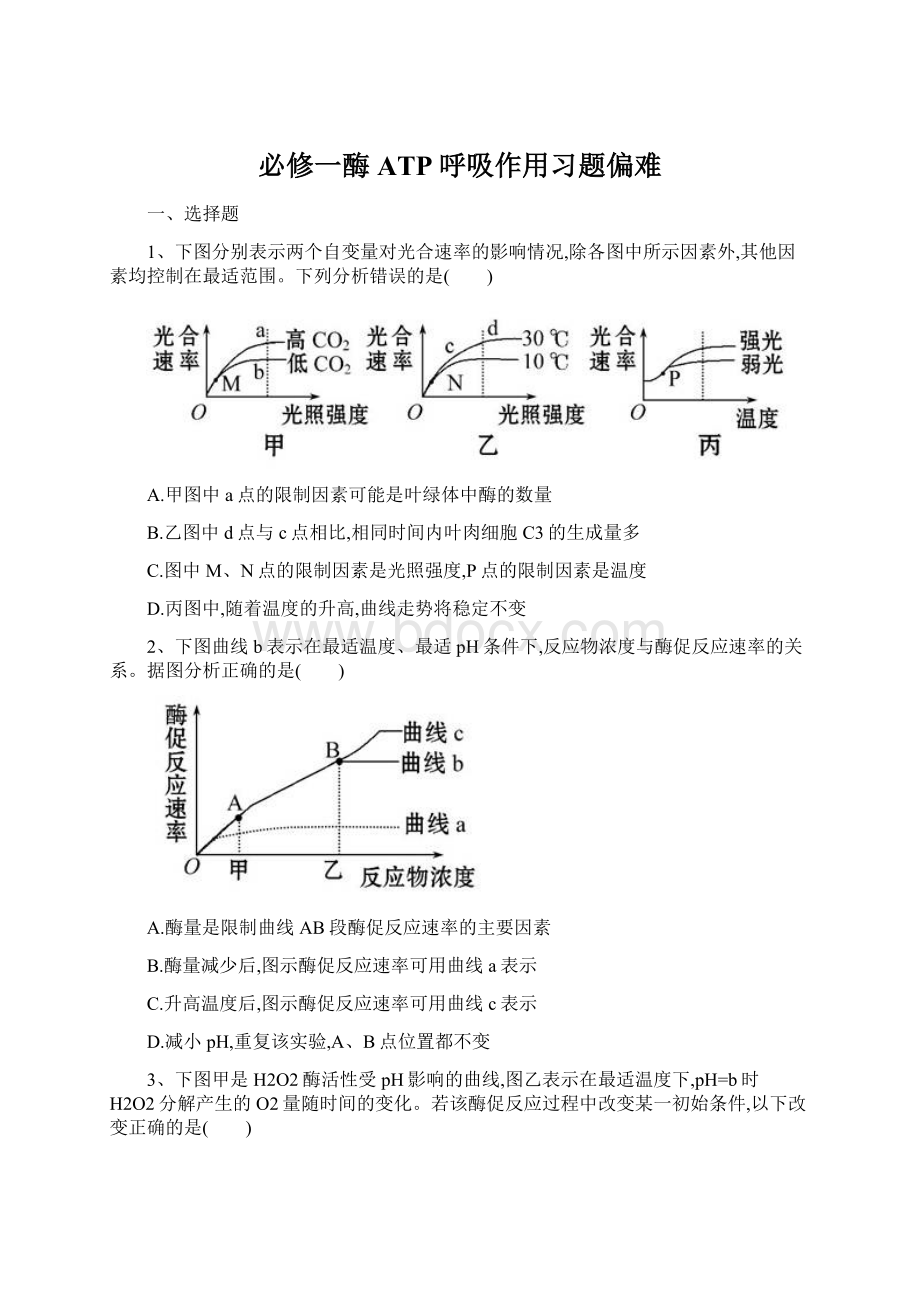 必修一酶ATP呼吸作用习题偏难Word格式文档下载.docx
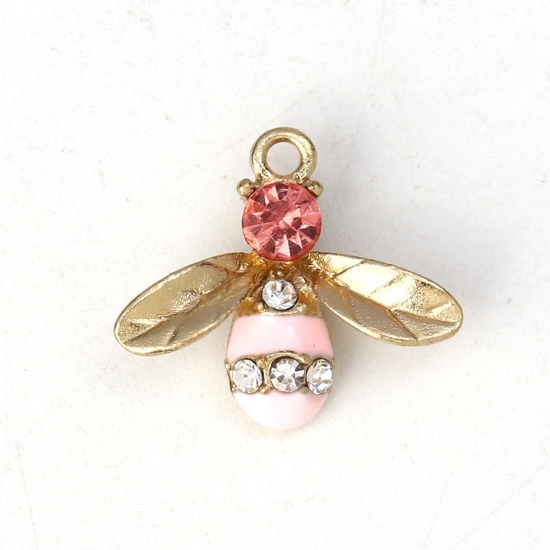 Picture of Zinc Based Alloy Charms Bee Animal Gold Plated Pink Clear Rhinestone Enamel 17mm( 5/8") x 15mm( 5/8"), 10 PCs
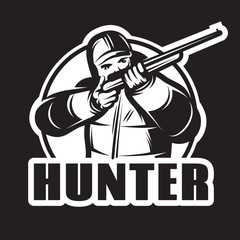 Fototapeta na wymiar monochrome stylish template for the club with a hunter and gun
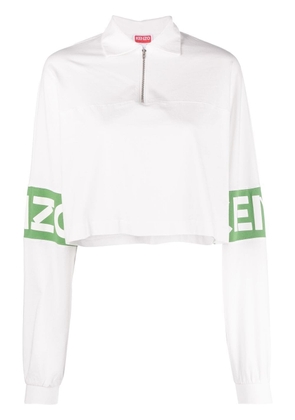 Kenzo logo-print cropped shirt - White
⁂
[Work item] Take the lines from the one containing "Fototapeta na wymiar" through the last line of the listing and repeat them exactly. Omit the pictures.

[Response to this exercise]
 Fototapeta na wymiar monochrome stylish template for the club with a hunter and gun
 Kenzo logo-print cropped shirt - White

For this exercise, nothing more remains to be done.